“Economic predictions with big data” using partial pooling

Tom Daula points us to this post, “Economic Predictions with Big Data: The Illusion of Sparsity,” by Domenico Giannone, Michele Lenza, and Giorgio Primiceri, and writes:

The paper wants to distinguish between variable selection (sparse models) and shrinkage/regularization (dense models) for forecasting with Big Data. “We then conduct Bayesian inference on these two crucial parameters—model size and the degree of shrinkage.” This is similar to your recent posts on the two-way interaction of machine learning and Bayesian inference, as well as to your multiple comparisons paper. The conclusion is the data indicate variable selection is bad, a zero coefficient with zero variance is too strong.
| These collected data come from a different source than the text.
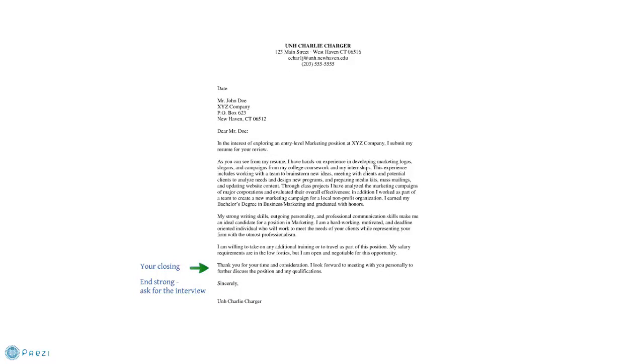Finally, the last paragraph is your closing. Thank them for their time and consideration, and then end strong by asking for the interview. Make sure you end on a positive, forward-moving note. Instead of saying 'I really hope you'll call me' or 'I wish to hear from you,' be more assertive: 'I look forward to hearing from you soon' or 'I will follow up with you next week to set up an interview.' Your entire cover letter and resume are about your confidence, your skills, and presenting yourself effectively, so be sure to end on a strong, positive note. End with 'Sincerely,' skip a space, and put your name — and if you are physically handing this letter to someone, sign it as well.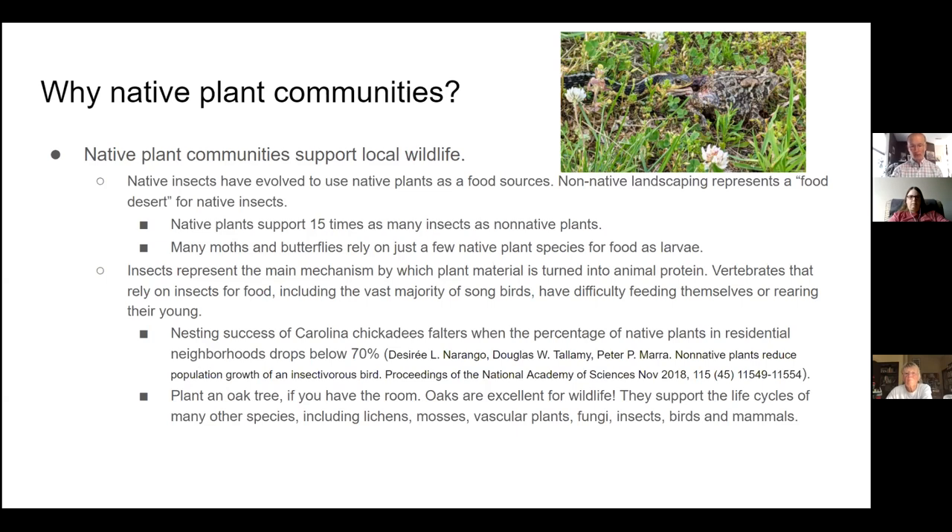One native plant that deserves a special shout-out is the oak tree. Plant one if you have room — they're really excellent for wildlife, supporting more species of caterpillars than any other plant by far. They also support lichens, mosses, vascular plants that tap into the roots, fungi in symbiotic relationships, and insects and birds and mammals that feed on those insects. Oak trees are a great plant for wildlife.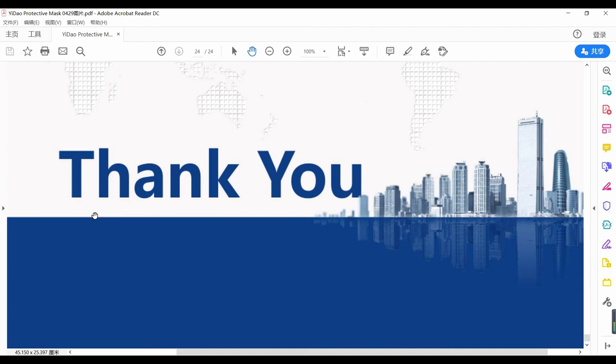So ladies and gentlemen, if you need a mask made in this factory, please contact me. I will arrange quick delivery for you. I will see you next time — bye bye.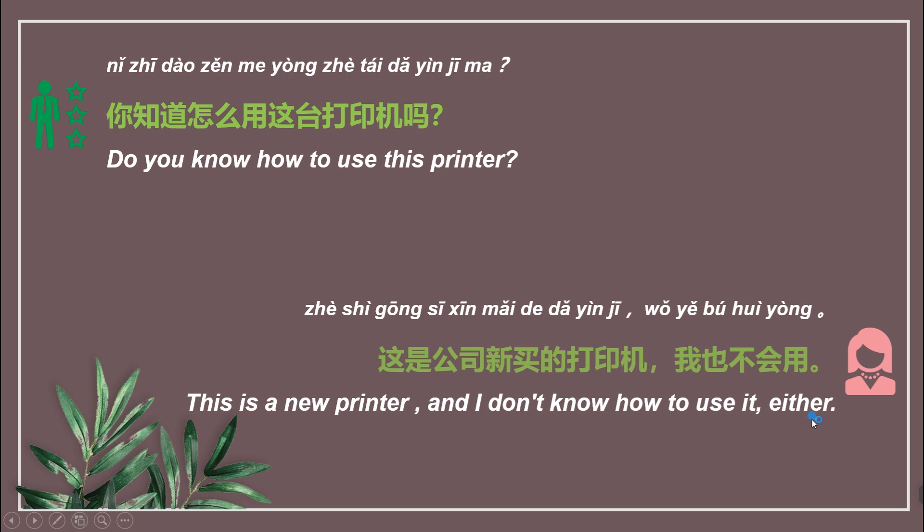也 means 'either'. Read after me, please. First, slowly. 这是公司新买的打印机。我也不会用。我也不会用。 Then, faster. 这是公司新买的打印机。我也不会用。 Good job!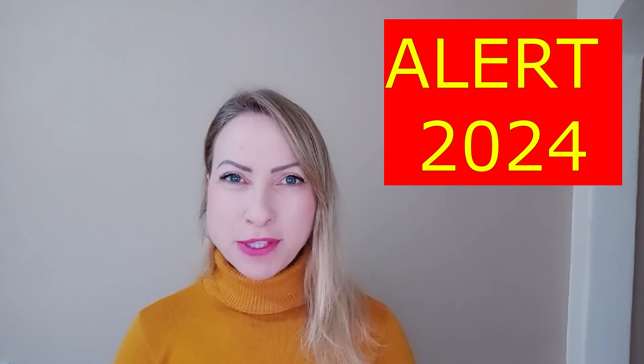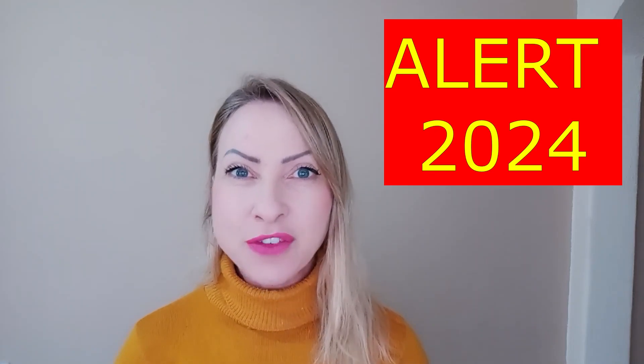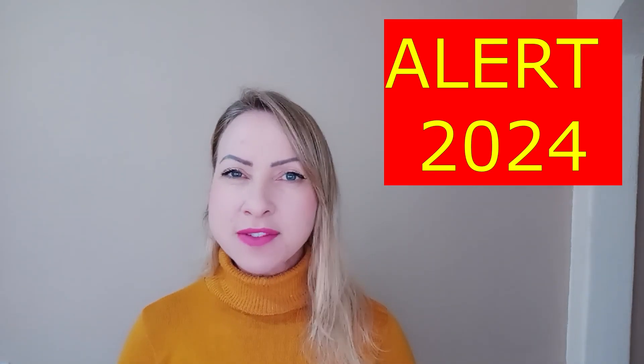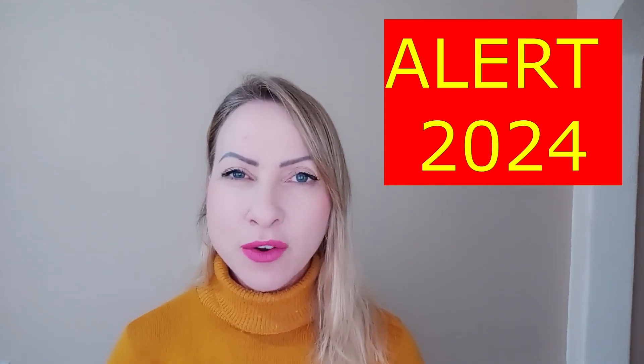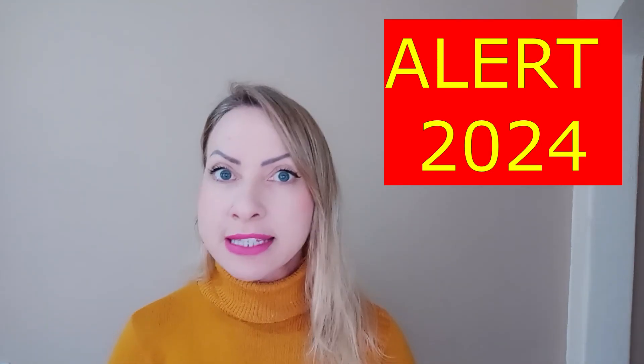Hello guys! If you came into this video, probably you want to know more about SideCare, if it really works or if it's even reliable. So in this video, I'll tell you everything you need to know about SideCare. My name is Shai and I decided to make a quick video just to tell you everything you need to know about SideCare. So guys, stay tuned until the end.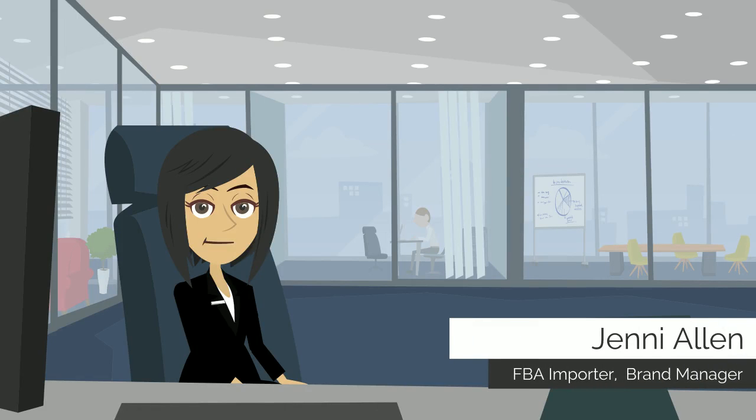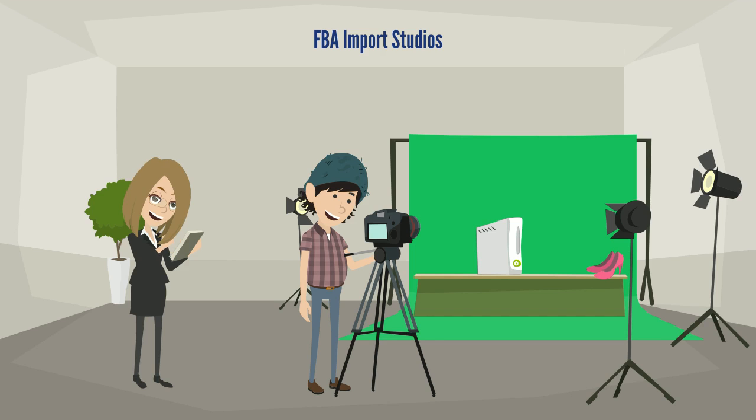At times, one of the most important parts of selling on Amazon is often overlooked, and that is the presentation of your product to customers. At FBA Importer, we have a professional photographer on staff who can help you capture your product in the best light possible.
My intuition is that the results are not surprising since the data favoring exactly 0 is so unlikely, but I assume the paper fleshes out the nuance (or explains why that intuition is wrong).

Here is the abstract:

We compare sparse and dense representations of predictive models in macroeconomics, microeconomics, and finance. To deal with a large number of possible predictors, we specify a prior that allows for both variable selection and shrinkage. The posterior distribution does not typically concentrate on a single sparse or dense model, but on a wide set of models. A clearer pattern of sparsity can only emerge when models of very low dimension are strongly favored a priori.

I [Daula] haven’t read the paper yet, but noticed the priors while skimming.

(p.4) “The priors for the low dimensional parameters φ and σ^2 are rather standard, and designed to be uninformative.” The coefficient vector phi has a flat prior which you’ve shown is not uninformative and the probability of σ^2 is inversely proportional to σ^2 (no idea where that comes from, but nothing like what you recommend in the Stan documentation).

The overall setup seems reasonable, but I’m curious how you would set it up if you had your druthers.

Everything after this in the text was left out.